Let \(\sigma \in c(S)\cap c(P)\) be a simplex. Since vertices 5,6,7,8 are not in c(S), \(\sigma \) does not have a vertex in \(\{ 5,6,7,8\}\). According to Eq. 16, the only triangles in \(\partial p(\mathbf {a}_0\mathbf {b}_0\mathbf {c}_0,\mathbf {a}_1\mathbf {b}_1\mathbf {c}_1)\) that does not have vertices \(\mathbf {a}_0\) and \(\mathbf {a}_1\) are \(\{\mathbf {b}_0\mathbf {b}_1\mathbf {c}_0, \mathbf {b}_1\mathbf {c}_0\mathbf {c}_1\}\).
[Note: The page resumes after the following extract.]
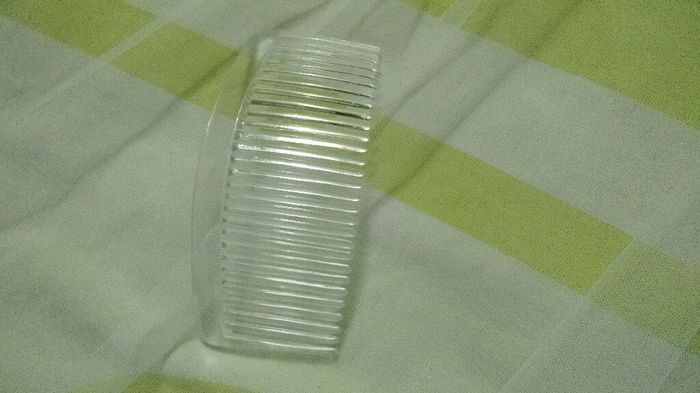 Ya llegó mi velo!! 👰 - 5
Using Eq. 51 and \(\mathbf {a}_0\in \{5,7\}\) and \(\mathbf {a}_1\in \{6,8\}\), \(\sigma \) is included is one of the triangles in \(\tilde{N}\) where

$$\begin{aligned} \tilde{N}= & {} \{ 9.2.1,2.1.10 \}\cup \{ 11.2.3,2.3.10\} \nonumber \\&\cup \, \{ 9.4.1,4.1.12 \}\cup \{ 11.4.3,4.3.12\}. \end{aligned}$$

(57)

Therefore \(c(S)\cap c(P)\subseteq c(\tilde{N})\). Conversely, \(\tilde{N}\subseteq c(P)\) and \(\tilde{N}\subseteq c(S)\) imply \(c(\tilde{N})\subseteq c(S)\cap c(P)\). Last we check that \(N= \tilde{N}\). \(\square \)

Thus \(Z= P\cup S\) with \(n= 4\) and \(P= \cup _i P_i\) as in Theorem 15. Since Z is strongly non-shellable [24], \(Z= P\cup S'\) and \(S= S'\).